Well, your potential paycheck vanished. Might as well not be soulless about it. You bring Cuicatl to a bench and let her sit and lean into you and sob for a bit because, damn it, Ophelia, what did you do?

She stops crying eventually and just leans into you and you have an armed wrapped around her like you didn’t kind of just maybe torture her and still have a right to comfort her. “Your sister is a ghost-speaker?” she finally asks.

“No. My oricorio is. I’m sorry. I should’ve told you that she’s… like that. Sometimes. I thought if you were just formal enough and sang—”

“I’m useless. I know.”

“You’re not. My fault. I’m sorry.”

She snort-sobs and gets some more snot on your shirt that you’re going to ignore. “My brother told me.
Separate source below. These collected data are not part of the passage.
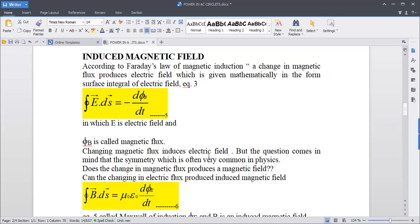These two things are slightly different. We have studied that a change in magnetic flux produces an electric field, or we can say that if magnetic flux is changing, then the electric field will be induced. So the question arises: if the electric field changes, then will the magnetic field be induced itself? The two questions are essentially the same. Let's move on to the next step.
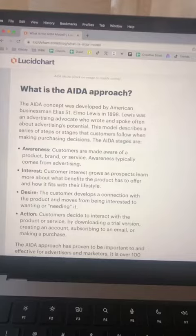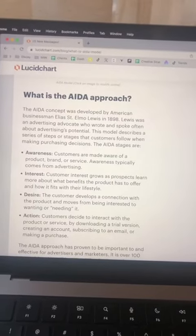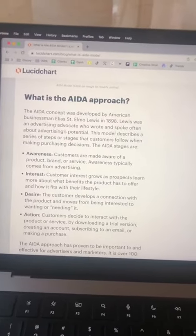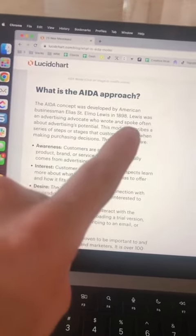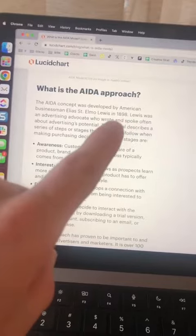We use this really simple 100-year-old framework to create amazing ads, and here's how you can too. It's called the ADA model, which was developed by this guy back in 1898. The basic premise is that customers go through these four stages in every purchase decision that they make.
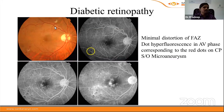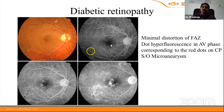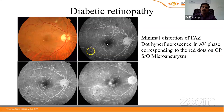In diabetic retinopathy, we can see minimal distortion of the foveal vascular zone — almost intact — with perifoveal microaneurysms temporal to the fovea. Multiple dot hyperfluorescence in the arteriovenous phase corresponds to red dots on color photograph, which is suggestive of microaneurysms. There is also blocked fluorescence due to cotton-wool spots and hemorrhages.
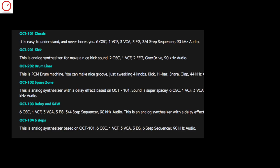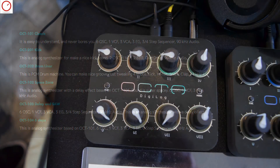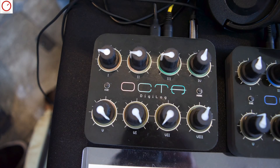Okta 104 Six Steps is a virtual analog synthesizer based on the Okta One SYNT engine but features a sequencer with up to 6 steps. What is cool here is that users can very easily install sound packs to the device and create their own favorite instrument.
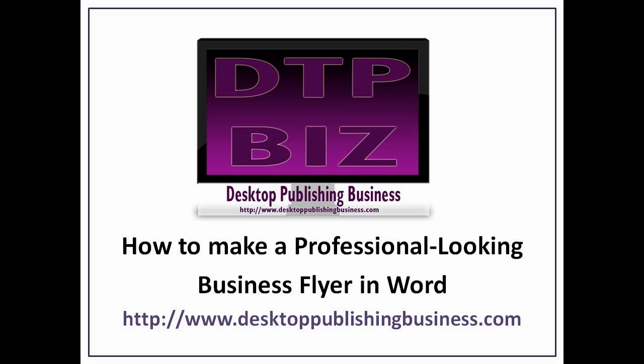Go to www.DesktopPublishingBusiness.com for more desktop publishing tips, articles, and sample templates.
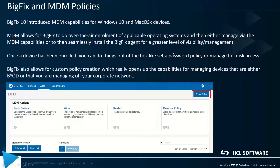BigFix and MDM policies. As part of BigFix 10, we introduced our ability to tie into the MDM capabilities within Windows and Mac.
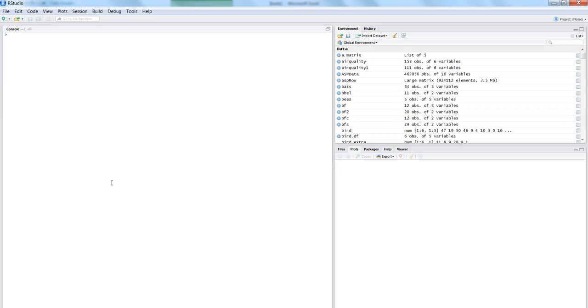Hi there, this is Abhishek and in this video I will talk about simple linear regression and how you can implement and achieve the simple linear equation within R.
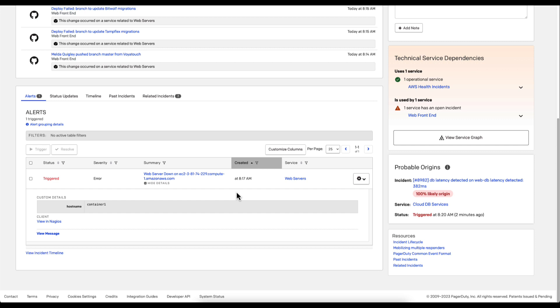Another key feature of the PagerDuty AIOps solution is the ability to surface up probable origins from any service across the entire PagerDuty environment that will indicate where a likely cause of the original issue is coming from.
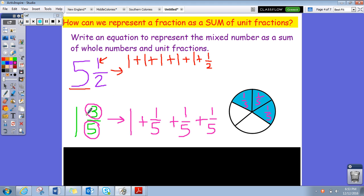So the answer to one and three fifths — the equation that represents one and three fifths — is one, which is going to be the one, and then to get three fifths that'll be one fifth plus one fifth plus one fifth.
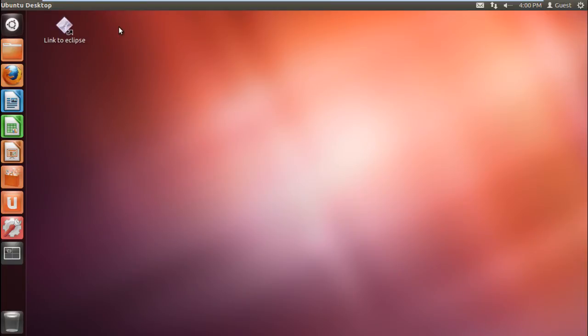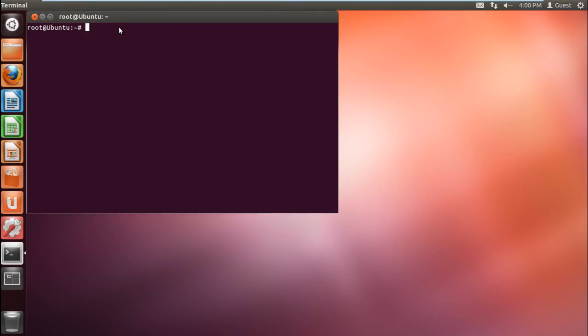In this video, we will show you how to work with SSH timeout. By default, there's no timeout set in the SSH configuration file, which enables the session to be logged in for the maximum amount of time. For the purpose of this tutorial, we're using the Ubuntu environment, and we'll add the commands for SSH timeout in the configuration file here only.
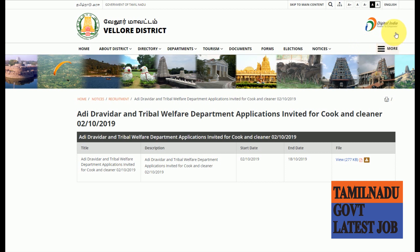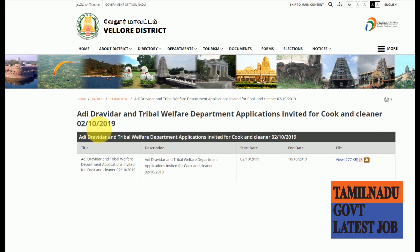Subscribe to this channel and press the bell icon. This is your official site. There is a link in the description box. In this video, there is an application called Cook & Cleaner Vacancies.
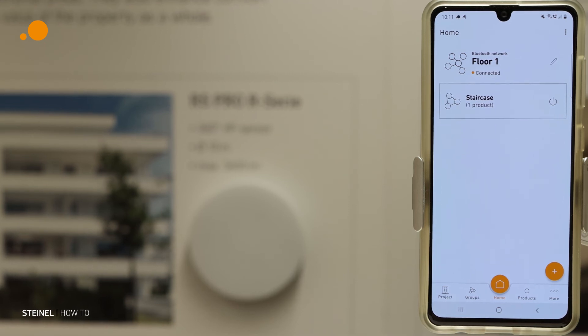Now we are ready. All data are transmitted and the product is in the group.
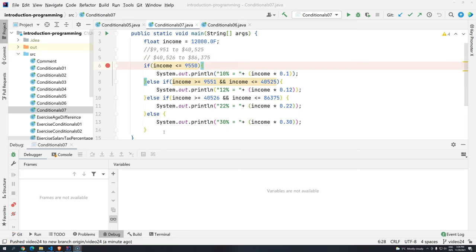Hi everyone, welcome back to DevDoge Academy and welcome back to Introduction to Programming using Java.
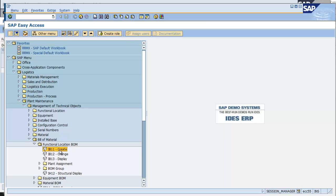This falls under the menu path Logistics, Plant Maintenance, Management of Technical Objects, Bill of Material, Functional Location BOM, IB11 Create.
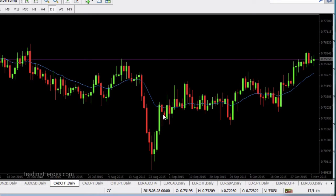Hello traders, this is Hugh, and in this video I'm going to show you why you should display the ask line on your MetaTrader4 charts, and really for any chart for that matter. So what's the ask line? As you probably know, there's a bid and an ask. Ask is what people are asking to sell the currency pair to you. Bid is what people are bidding to buy that currency pair. So you're going to buy at the ask and sell at the bid.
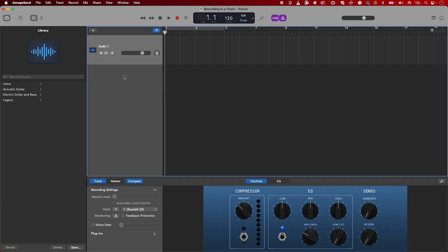Press the record button in the transport bar to start recording. Play your instrument or sing into the microphone connected and you'll see the waveform being recorded on the track.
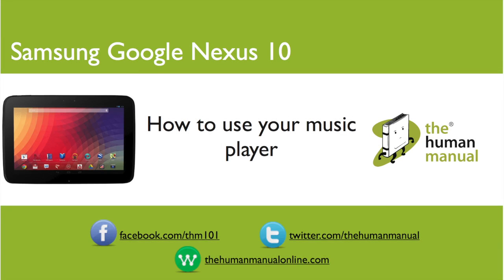Hi my name is Andrew, I'm a technology expert at the Human Manual. In this tutorial we'll show you how to use and play your music using the Music Player on your Samsung Google Nexus 10.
I knew he must’ve hated me but hearing him say it was—” She breaks up and starts crying again.

Oh. Her brother. That’s. Yeah. You understand that. More than you want to. When Eve…

“It wasn’t him. Oricorio can just use the voices of the dead to speak. It’s… it’s a lot. I know. Trust me. But it wasn’t him, whatever it sounded like.”

She doesn’t answer you. Wolsey does. Sort of. It seems like a song or maybe a story. It doesn’t seem to help and eventually he stops altogether.

“’m fine.” Cuicatl says. Eventually. “I’ll have Nocitlālin take me back to the Center.”

“Noci—”

The beldum zooms into the light and towards its trainer. Oh. How long was it hovering around?

“You sure? It’s not really—”

“Yes.” She holds out her hand and the beldum slips into it. “Goodbye.”

*

The door opens and you step through. Your sister is in the corner, Ophelia perched in front of her. They look proud, almost. “You’re welcome,” Eve says.

“For what?”

“She won’t threaten you again.”

“And she won’t teach you her song, either.”

There’s a flash of pain in her eyes and for once you can’t tell who it’s coming from.

“You’re safe,” she whispers. “That’s what matters.”

This is hopeless. You’ll sleep and then get back to this in the afternoon once she’s calmed down a bit. Or maybe you won’t. The kid was making death threats, even if she couldn’t or wouldn’t act on them. Is this the hill you want your sanity to die on? This wasn’t the first time she tortured someone with the voices of the dead. Won’t be the last. Might as well not be you.

Eve cuts you off before you can open the bedroom door.

“You said you’re leaving.”

Right. Shit. Yeah. That’s what you get for having people over when you’re tired.

“I’ll take you. Don’t worry about it.”

Pale fire ripples across her body. “Where are you going to?”

“Florida? Unova? Alaska? Don’t know. Somewhere that doesn’t feel like an alien-infested graveyard.”

You close the bedroom door behind you without looking at her face. It’s rude and Ophelia will have words with you when you wake up, but now you just need to sleep. Or try. Truth is, you’re not a good person. You thought you were once. Might have been. Because a good person would’ve accepted the message in your thesis, that there isn’t an ethical way to raise a bird that terrorizes people with the ghosts of dead relatives. Except you’re willing to sit back and let a bunch of terrible shit happen to someone else if it means you get to see Eve’s face in the morning.

No. You’re a bad person and you know it. Most of the time you just wish you were even worse. The kind of monster who could look a sobbing girl in the eyes and feel nothing. Because monsters aren’t hounded by guilt at night.

A real monster wouldn’t be so damn tired all the time.